You want more? Slavery of course existed back then. And, sometimes (though not as much as with Euro-Americans) it was even hereditary. Slaves, as property and therefore a measure of wealth, were reportedly even killed at potlaches. Here's a Google search.

And here's T.H. Watkins, being blunt about the issue of noble Indians today in general.

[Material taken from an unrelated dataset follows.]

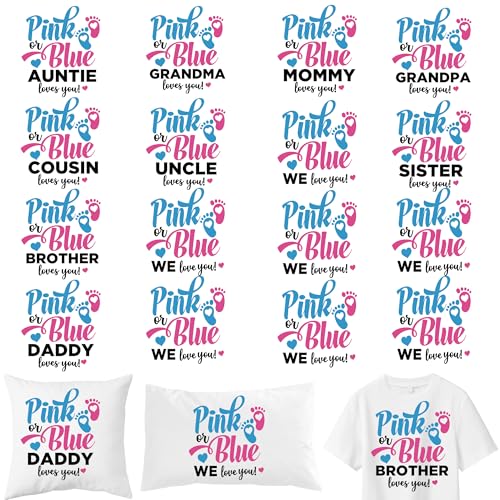 16 Sheets Gender Reveal Iron on Transfers for T-Shirts - style: Pink or Blue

As for capitalism? The Spaniards, and other Europeans, were indeed gold-crazed. But, the Aztec and Inca weren't totally innocent in the first place, were they? And, those potlaches were around before the first Spaniard or Englishman explored today's Washington State and British Columbia.

American Indians, or First Nations if you're up in Canada, weren't and aren't dirt. But, they weren't and aren't Rousselian noble savages, or New Agey saints, either. That's true whether you're a modern Anglo or a modern American Indian. (Oh, American Indians, like any people, can be racist, too.)

It's not just the folks above. By name, this is part of why I deblogrolled Wrong Kind of Green.

Things like this are why I keep the word "skeptical" in front of "leftist" on my blog header and elsewhere. Yes, today, wingnuts will exploit some of this. But, New Agers will exploit the backlash for various versions of social and social media shaming as exemplified by the two pieces.

Again, let's treat American Indians as people — the good, the bad and the ugly. And, that applies to American Indians themselves. I blocked one Canadian First Nationer over this issue at HCN's Facebook page.

And, yes, it matters today, as I said in reply to another commenter on that T.H. Watkins link. It matters for exactly these reasons.

Sadly, the week before, HCN published this piece explicitly about not misrepresenting American Indian knowledge during the coronavirus pandemic.

That, in turn, shows larger unevenness in recent years in editorial management. By that, I'm talking about the overall tone or tenor becoming more and more fuzzy, not copy editing or style issues.

It's not just HCN. A number of political journals have this problem more and more. Jacobin can be all over the place, for example. But, this is another of the effects of the Internet, in my opinion. Lack of focus plus an overly expanded editorial mission killed Pacific Standard, in my opinion.

1 comment:

mcc1789 said...

I totally agree. The fact that has (and does) suffer many wrongs isn't a good reason to put them on a pedestal or accept positive claims of them uncritically. Too often we seem to swing from "X are demons" into "No, they're angels". The truth is rarely like that and I don't find it's ever so with people.